Performance Optimization in the world of JavaScript

Memory Management

  1. Memory Usage: (a) Create a memory snapshort to analyze the memory allocation across our program. (b) JavaScript Garbage Collector process will reclaim memory if the program reaches a state where one or more value(s) can't be referenced. (c) Shallow memory usage refers to the amount of memory consumed by a particular object itself, without considering the memory occupied by objects it references. It includes the memory for the object's own properties but not the objects referenced by these properties.

    user {
    name: "Alice"  -> memory usage
    age: 30        -> memory usage
    address: {     -> memory usage (only reference)
     city: "Wonderland"
     zip: "12345"
    }
    }
    
    

    (d) Retained memory usage is the total amount of memory that will be freed when a particular object is garbage collected. This includes the memory used by the object itself and the memory used by all objects that become unreachable when this object is garbage collected.

    user {
    name: "Alice"  -> memory usage
    age: 30        -> memory usage
    address: {     -> memory usage
     city: "Wonderland" -> memory usage
     zip: "12345"       -> memory usage
    }
    }
    
    
  2. Minimize Memory Usage (a) Run node --inspect-brk --max-old-space-size=4096 index.js and take a memory snapshot. (b) Introduce loadData() fn to optimize memory usage during data loading. (c) Tensorflow Memory Usage: It holds reference to every tensor that gets created during the program run. (d) Use tf.tidy() cleans up tensors automatically inside it. If tensors need to be maintianed, they must be returned from this function.

Definition

  1. Bayes' theorem

  2. Marginal Probability

  3. Conditional Probability

  4. Softmax

  5. JavaScript Garbage Collector: Garbage collection in JavaScript is an automatic memory management feature provided by the JavaScript engine to reclaim memory that is no longer in use, thereby preventing memory leaks and optimizing resource utilization. The primary mechanism employed is called mark-and-sweep, where the engine periodically identifies and "marks" all reachable objects starting from the root (e.g., global variables and active function calls). It then "sweeps" through memory, reclaiming space occupied by unmarked (unreachable) objects.
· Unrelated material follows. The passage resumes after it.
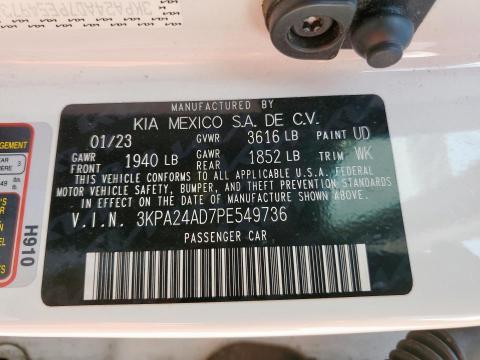 2023 KIA RIO LX - 3KPA24AD7PE549736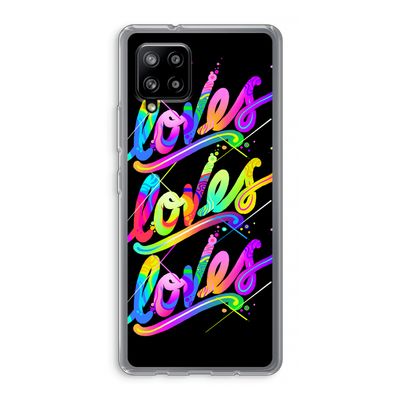 Loves: Samsung Galaxy A42 5G Transparant Hoesje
  6. Memory leaks: Memory leaks in JavaScript occur when memory that is no longer needed is not released, causing the application to use increasing amounts of memory over time. This often happens due to lingering references to objects that should be garbage collected.

  7. tf.ENV.registry.webgl.backend.texData.data stores metadata and references to all GPU textures created during a TensorFlow.js WebGL backend session. Proper tensor disposal ensures efficient GPU memory usage and prevents memory leaks.

  8. WeakMap : A WeakMap in JavaScript is a collection of key-value pairs where the keys are objects and the values can be arbitrary values. The key feature of a WeakMap is that it allows for garbage collection of the keys. If there are no other references to an object used as a key in a WeakMap, the key-value pair can be garbage collected, which helps in managing memory efficiently.

    Key Characteristics of WeakMap

(a) Garbage Collection: If an object used as a key in a WeakMap has no other references, it can be garbage collected.

(b) Keys Must Be Objects: Unlike regular maps, keys in a WeakMap must be objects, not primitive values.

(c) Non-Enumerable: WeakMaps do not expose their keys and do not provide a way to iterate over their entries.

(d) No Clear Method: WeakMaps do not have a clear method to remove all entries.

  1. Cross Entropy: Cross entropy is a loss function used in classification problems, particularly for measuring the performance of a model whose output is a probability value between 0 and 1. It is commonly used in binary classification (as binary cross entropy) and multi-class classification (as categorical cross entropy).